Parameters¶

When instantiating an EntityMatching object one can tune multiple parameters, in particular:

Which name column to use from the input data, and the id column of the GT,
The setting of the preprocessing pipeline (defaults should work okay),
Which indexers to use for the candidate selection, and with which settings,
To turn on/off the supervised layer, and which input features to use (name-only features, without rank features),
Whether to use name aggregation (turned off by default).

Below we go through the most important parameters to control the entity matching model.

Indexing¶

For the indexer parameters see the comments below.
Important to set both name_col and entity_id_col as entity-matching parameters. The ground truth dataset needs both a name column and entity-id column. A list of names to match needs only a name column.

# three example name-pair candidate generators:
# word-based and character-based cosine similarity, and sorted neighbouring indexing
indexers = [
    {
        "type": "cosine_similarity",
        "tokenizer": "words",        # word-based cosine similarity
        "ngram": 1,                  # 1-gram tokens only
        "num_candidates": 10,        # max 10 candidates per name-to-match
        "cos_sim_lower_bound": 0.,   # lower bound on cosine similarity
    },
    {
        "type": "cosine_similarity",
        "tokenizer": "characters",   # character-based cosine similarity
        "ngram": 2,                  # 2-gram character tokens only
        "num_candidates": 5,         # max 5 candidates per name-to-match
        "cos_sim_lower_bound": 0.2,  # lower bound on cosine similarity
    },
    {
        "type": "sni",
        "window_length": 3,          # sorted neighbouring indexing window of size 3.
    },
]
em_params = {
    "name_col": "Name",                     # important to set both index and name columns
    "entity_id_col": "Index",
    "indexers": indexers,
    "carry_on_cols": [],                    # names of columns in the GT and names-to-match dataframes passed on by the indexers.

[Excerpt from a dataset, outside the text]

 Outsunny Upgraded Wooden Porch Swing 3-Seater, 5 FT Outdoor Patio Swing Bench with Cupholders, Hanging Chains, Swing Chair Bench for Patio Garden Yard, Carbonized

GT columns get prefix 'gt_'.
    "supervised_on": False,                 # no initial supervised model to select best candidates right now
    "name_only": True,                      # only consider name information for matching, e.g. not "country" info
    "without_rank_features": False,         # add rank-based features for improved probability of match
    "with_legal_entity_forms_match": True,  # add feature that indicates match of legal entity forms (eg. ltd != co)
    "aggregation_layer": False,
}
# initialize the entity matcher
p = PandasEntityMatching(em_params)
# prepare the indexers based on the ground truth names: e.g. fit the tfidf matrix of the first indexer.
p.fit(ground_truth)

# pandas dataframe with name-pair candidates, made by the indexers. all names have been preprocessed.
candidates_pd = p.transform(test_names)
candidates_pd.head()

In the candidates dataframe, the indexer output scores are called score_0, score_1, etc by default.

Supervised Layer¶

The classifier can be trained to give a string similarity score or a probability of match. Both types of score are useful, in particular when there are many good-looking matches to choose between.

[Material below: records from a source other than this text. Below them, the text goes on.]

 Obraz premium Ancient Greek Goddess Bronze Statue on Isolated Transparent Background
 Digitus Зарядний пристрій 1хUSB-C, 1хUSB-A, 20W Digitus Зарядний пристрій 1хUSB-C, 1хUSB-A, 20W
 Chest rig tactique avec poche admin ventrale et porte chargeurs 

With name_only=True the entity-matcher only consider name information for matching. When set to false, it also considers country information, set with country_col.
The optional extra_features is a list of extra columns (and optionally function to process them) between GT and names-to-match that are used for feature calculation (GT==ntm). See class PandasFeatureExtractor for more details and also carry_on_cols indexer option above.) With name_only=False internally extra_features=['country'].
The use of rank features can be turned off with the EMM parameter without_rank_features=True.
The use of legal entity form matching can be turned on with the EMM parameter with_legal_entity_forms_match=True.
The flag create_negative_sample_fraction=0.5 controls the fraction of positive names (those known to have a match) artificially converted into negative names (without a proper match).
The flag drop_duplicate_candidates=True drop any duplicate training candidates and keep just one, if available keep the correct match. Recommended for string-similarity models, eg. with without_rank_features=True. default is False.

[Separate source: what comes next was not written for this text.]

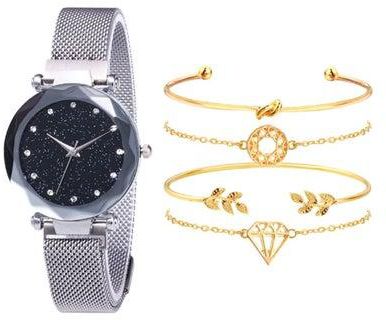 Women's 5-Piece Analog Watch And Bracelet Set 8346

# create and fit a supervised model for the PandasEntityMatching object to pick the best match (this takes a while)
# input is "positive" names column 'Name' that are all supposed to match to the ground truth,
# and an id column 'Index' to check with candidate name-pairs are matching and which not.
# A fraction of these names, here 0.50, can be artificially turned into negative names (no match to the ground truth).
# (internally candidate name-pairs are automatically generated, which are input for the classification)
# this call sets supervised_on=True.
p.fit_classifier(train_positive_names_to_match=train_names, create_negative_sample_fraction=0.5,
                 drop_duplicate_candidates=True, extra_features=None)

# generated name-pair candidates, now with classifier-based probability of match.
# Input is the names' column 'Name'. In the output candidates df, see extra column 'nm_score'.
candidates_scored_pd = p.transform(test_names)
candidates_pd.head()

In the candidates dataframe, the classification output score is called nm_score by default.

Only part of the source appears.